Here is why I think morality requires a god. first, however, I want to distinguish between moral phenomena and morality itself. I use the term 'moral phenomena' to refer to moral sensations (so, the deliverances of our moral sense) and moral beliefs. I take it as beyond question that moral phenomena exist. But it does not follow that morality itself exists, for morality is not a sensation or a belief. it is the thing sensed, the thing believed. To believe an act to be wrong is to believe the act has the attribute of wrongness. One has the belief, but whether the act really has that feature - indeed, whether such a feature exists at all - remains an open question.
B-mine.....and if you are wrong right here...at the very beginining, when you put things into tidy boxes? What then? What measure of truth will you be able to assign to morality without referring to "moral phenomena"? What does this term "morality" even mean, if we remove "moral phenomena"? What, precisely, is the "thing sensed" or "believed"? Does it have to be more the sensation or the belief to account for all that follows it? If not, you have a problem, don't you? Now, I cant point to anything concrete and say "here is morality" - but both of us can point to disparate "senses" and "beliefs" and say "here is morality" eh? Think this ones DOA right from the get-go.

Quote:Anyway, here was the though that first set me off doubting atheism. Morality is normative: it instructs, favours, commands. It is not enough for it to appear to do these things. A morality that does not instruct or favour or command is no morality at all. Morality actually does these things. This seems to be a conceptual truth about morality.

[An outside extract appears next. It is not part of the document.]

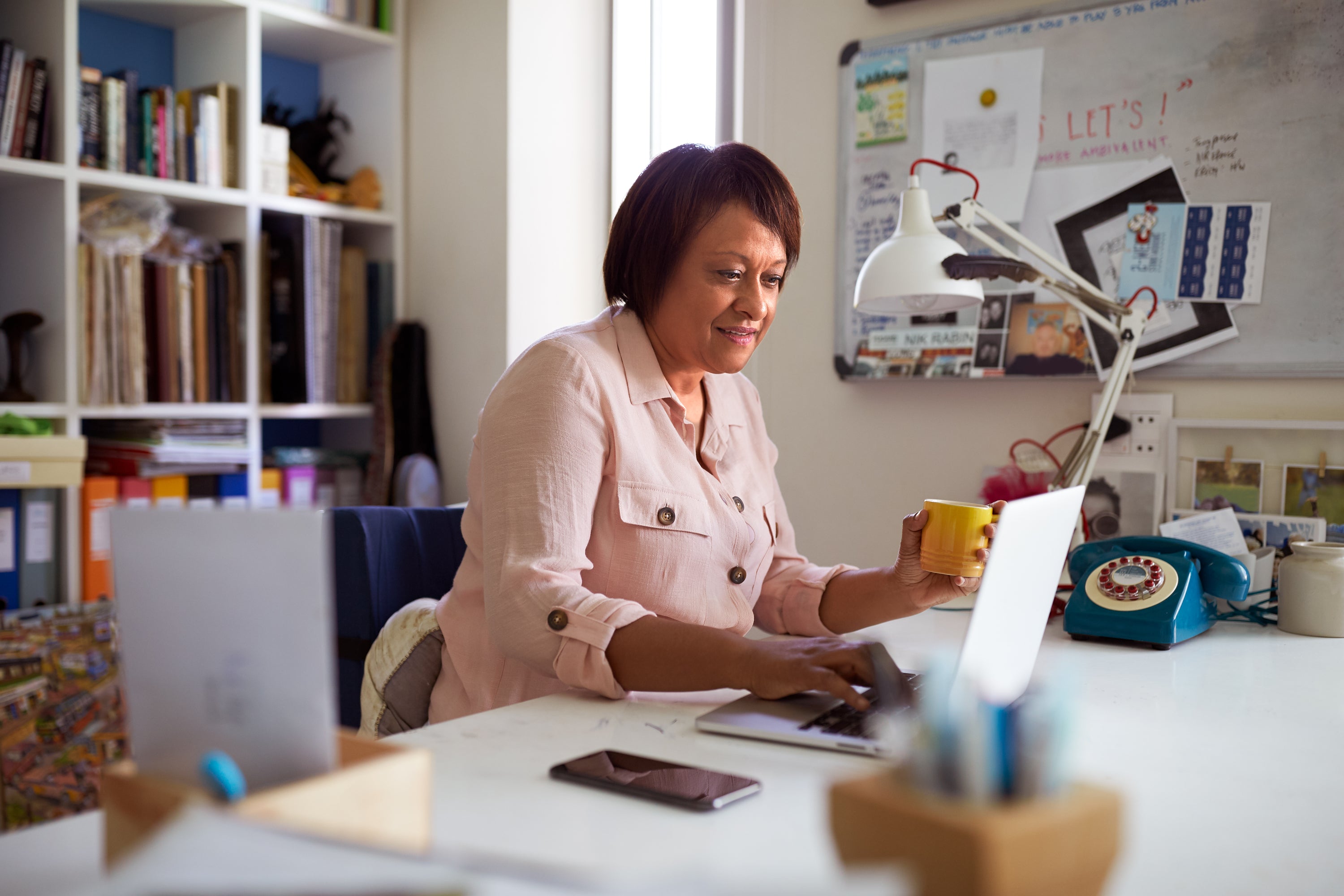 Person looking at the computer holding a cup in her had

Yet, for the life of me I find it hard to conceive of how anything other than an agent could do such things.


I won't ramble on further - I'll just see if I've made a mistake at this early stage! (for it gets worse!)

Unless normative things positively require a god -not an agent...a god-, and said god is actually in existence...none of this leads to a god. Finish the chain, make it happen (pro-tip..you can't get there from here)
I am the Infantry. I am my country’s strength in war, her deterrent in peace. I am the heart of the fight… wherever, whenever. I carry America’s faith and honor against her enemies. I am the Queen of Battle. I am what my country expects me to be, the best trained Soldier in the world. In the race for victory, I am swift, determined, and courageous, armed with a fierce will to win. Never will I fail my country’s trust. Always I fight on…through the foe, to the objective, to triumph overall. If necessary, I will fight to my death. By my steadfast courage, I have won more than 200 years of freedom. I yield not to weakness, to hunger, to cowardice, to fatigue, to superior odds, For I am mentally tough, physically strong, and morally straight. I forsake not, my country, my mission, my comrades, my sacred duty. I am relentless. I am always there, now and forever. I AM THE INFANTRY! FOLLOW ME!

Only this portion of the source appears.